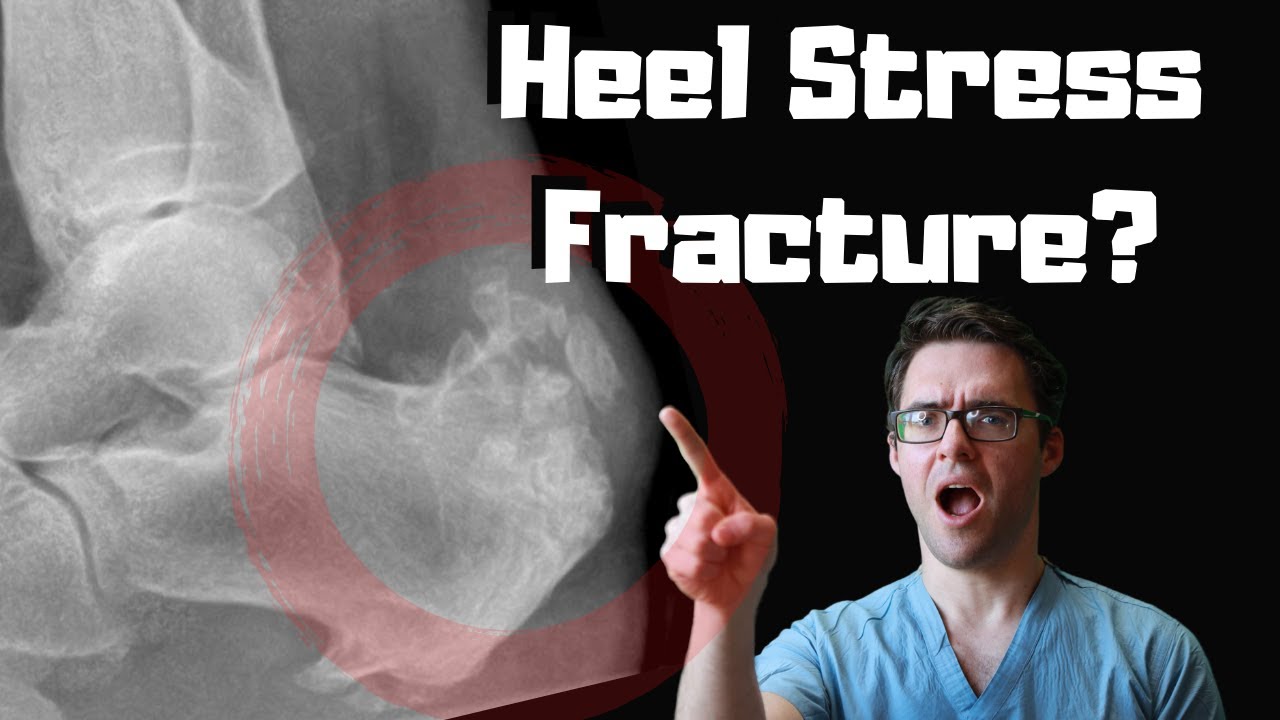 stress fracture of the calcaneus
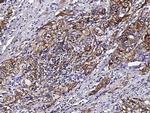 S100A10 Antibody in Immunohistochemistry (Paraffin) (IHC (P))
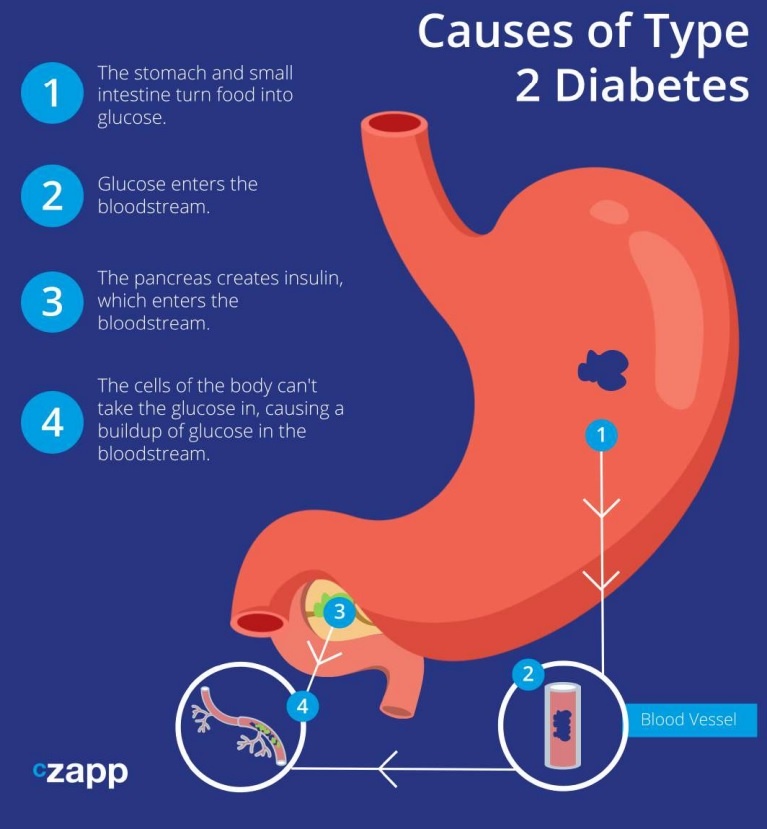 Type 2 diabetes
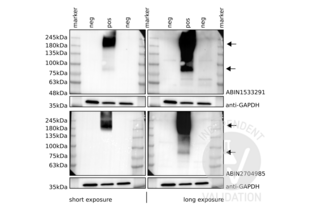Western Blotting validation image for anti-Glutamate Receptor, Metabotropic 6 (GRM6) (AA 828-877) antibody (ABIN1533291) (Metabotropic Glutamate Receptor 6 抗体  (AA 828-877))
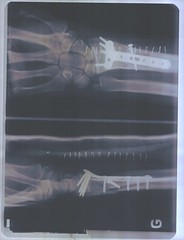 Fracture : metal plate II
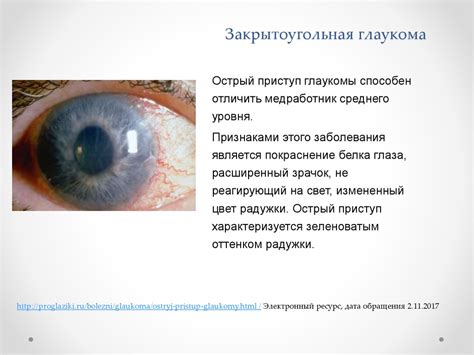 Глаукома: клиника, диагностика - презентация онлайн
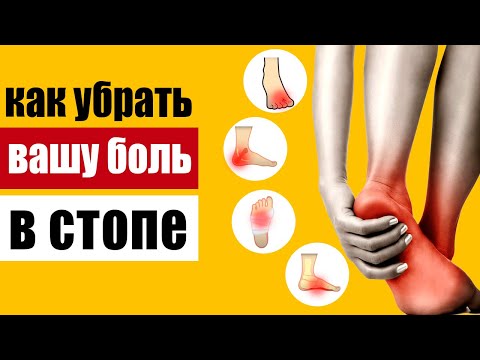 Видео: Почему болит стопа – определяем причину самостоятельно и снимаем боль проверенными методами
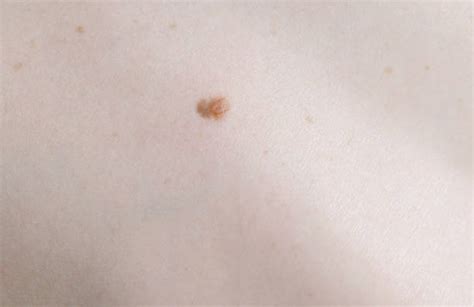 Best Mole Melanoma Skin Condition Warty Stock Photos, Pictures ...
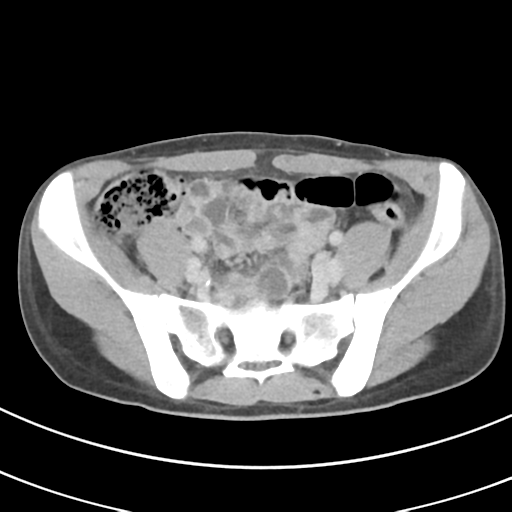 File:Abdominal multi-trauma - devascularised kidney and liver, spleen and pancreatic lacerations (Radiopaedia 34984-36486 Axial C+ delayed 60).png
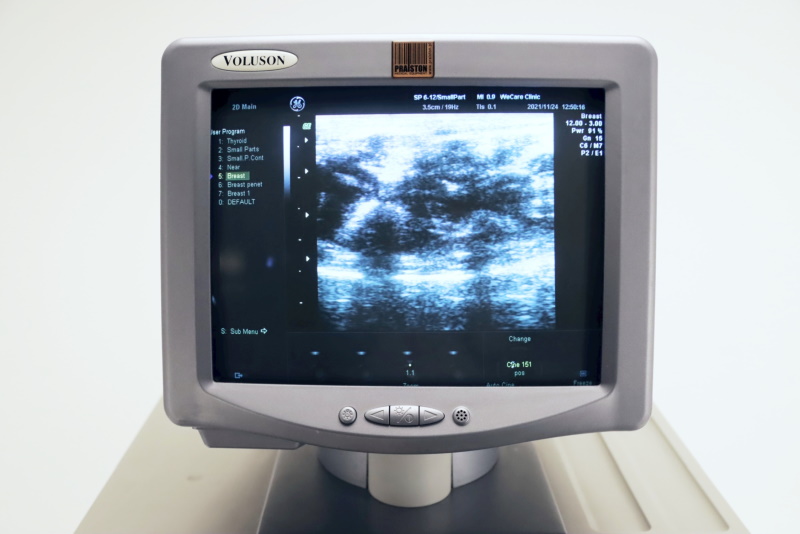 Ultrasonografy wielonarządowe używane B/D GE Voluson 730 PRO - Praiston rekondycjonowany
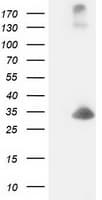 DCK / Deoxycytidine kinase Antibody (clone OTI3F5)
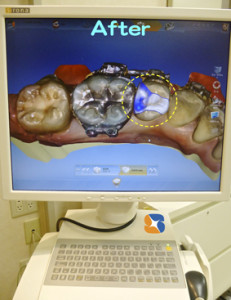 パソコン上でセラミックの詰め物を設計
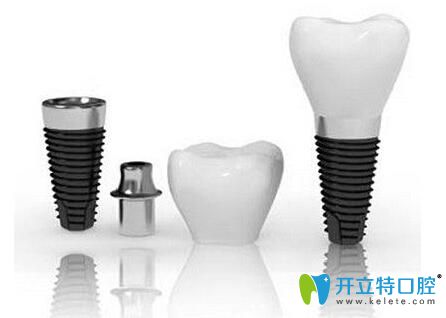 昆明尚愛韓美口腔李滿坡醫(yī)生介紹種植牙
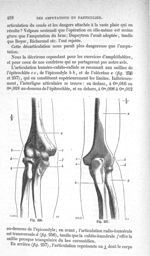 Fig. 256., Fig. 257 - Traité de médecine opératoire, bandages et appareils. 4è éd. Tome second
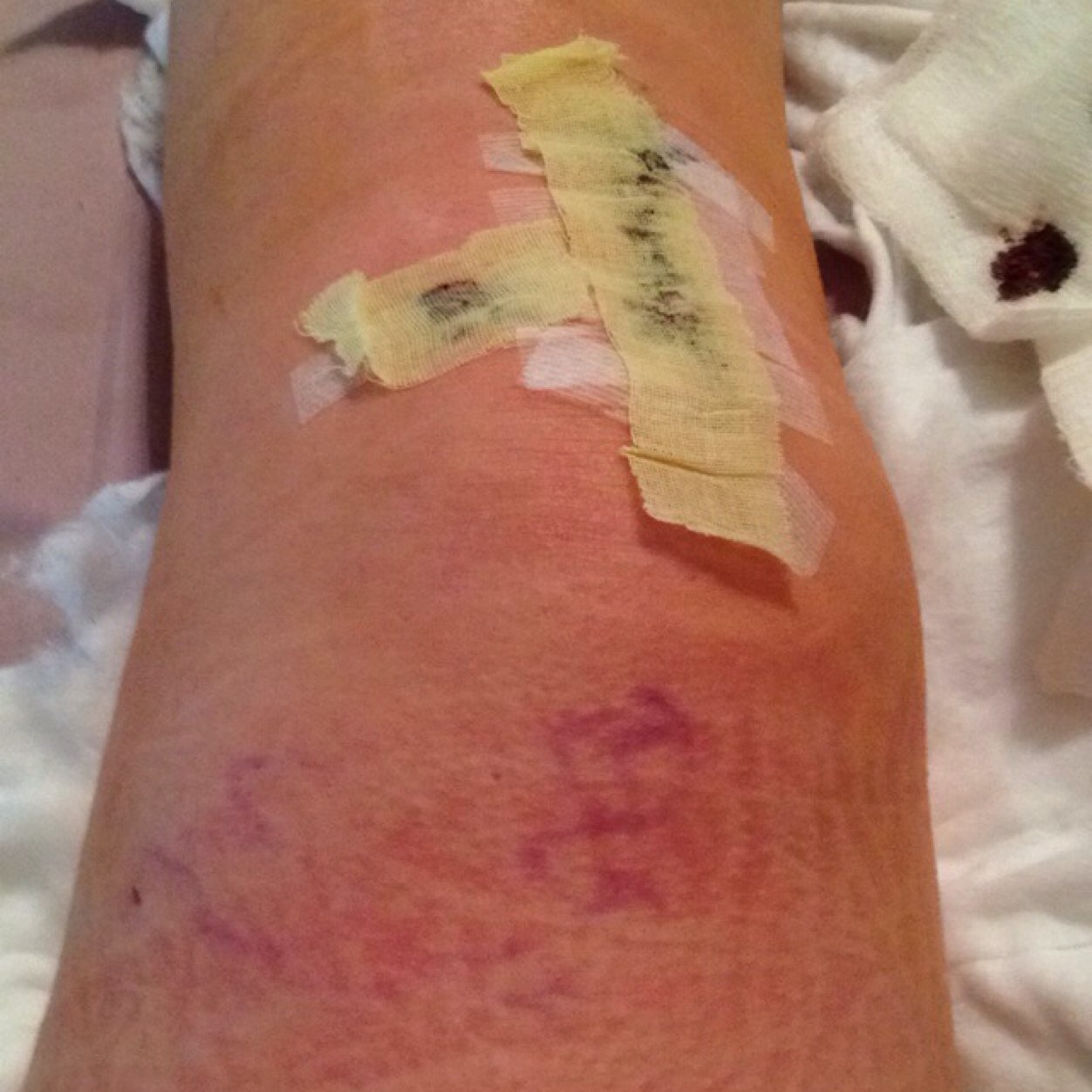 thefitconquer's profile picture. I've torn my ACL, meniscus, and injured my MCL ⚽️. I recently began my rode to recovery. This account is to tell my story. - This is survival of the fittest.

========================================

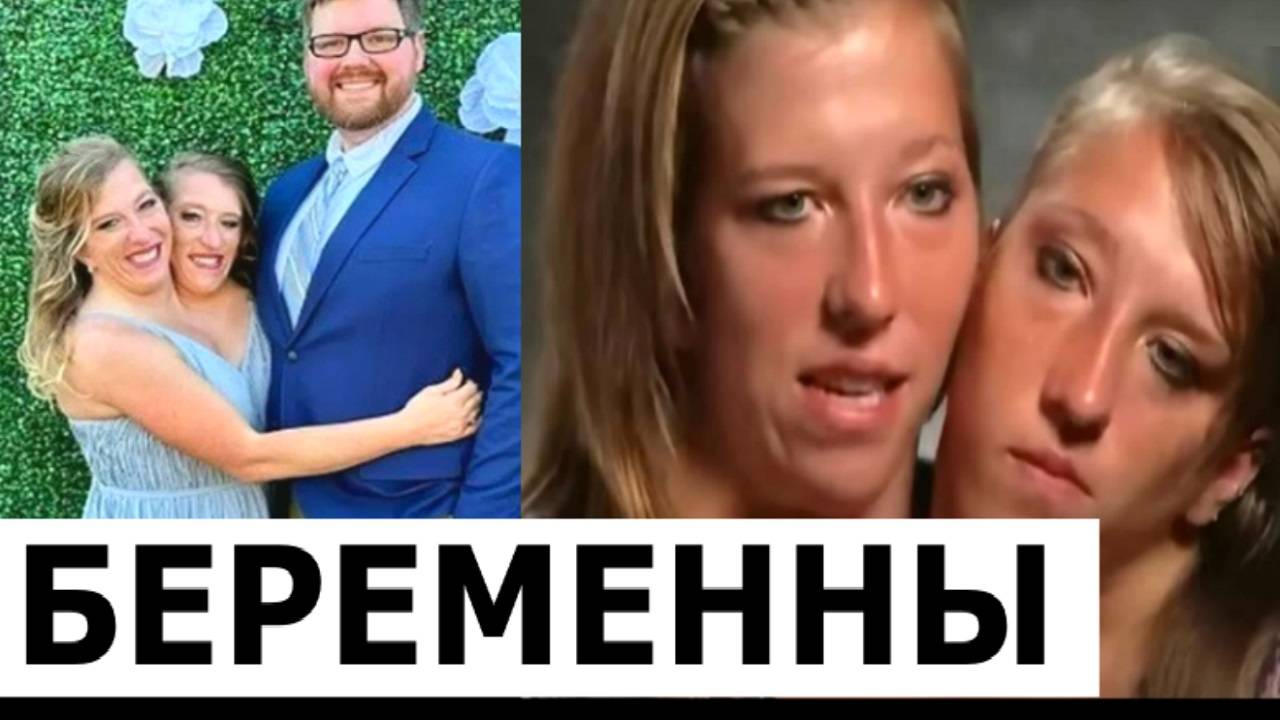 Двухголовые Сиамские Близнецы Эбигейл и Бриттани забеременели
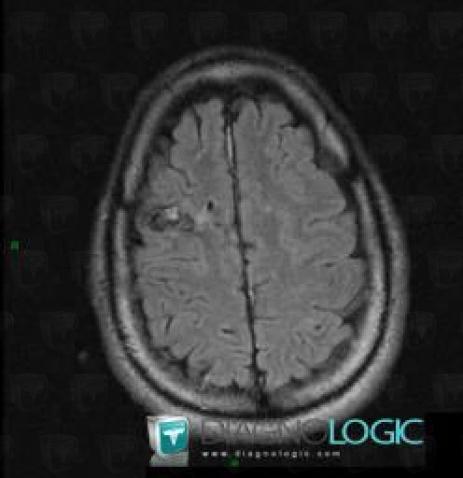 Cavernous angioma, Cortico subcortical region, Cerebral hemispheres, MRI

========================================

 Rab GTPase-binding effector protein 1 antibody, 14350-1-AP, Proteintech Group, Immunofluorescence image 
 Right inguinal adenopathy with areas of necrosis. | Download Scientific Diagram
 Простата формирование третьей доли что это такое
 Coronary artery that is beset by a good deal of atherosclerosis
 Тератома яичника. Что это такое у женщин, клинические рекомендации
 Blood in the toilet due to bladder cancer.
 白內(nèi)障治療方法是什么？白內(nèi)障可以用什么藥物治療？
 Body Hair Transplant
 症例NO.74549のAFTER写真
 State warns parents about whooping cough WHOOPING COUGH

========================================

## Problem statement
Copy word for word the span of the records above that begins at the line with "パソコン上でセラミックの詰め物を設計" and ends at the line with "thefitconquer's profile picture.", including those two lines but not the pictures.

## Answer below
 パソコン上でセラミックの詰め物を設計
 昆明尚愛韓美口腔李滿坡醫(yī)生介紹種植牙
 Fig. 256., Fig. 257 - Traité de médecine opératoire, bandages et appareils. 4è éd. Tome second
 thefitconquer's profile picture. I've torn my ACL, meniscus, and injured my MCL ⚽️. I recently began my rode to recovery. This account is to tell my story. - This is survival of the fittest.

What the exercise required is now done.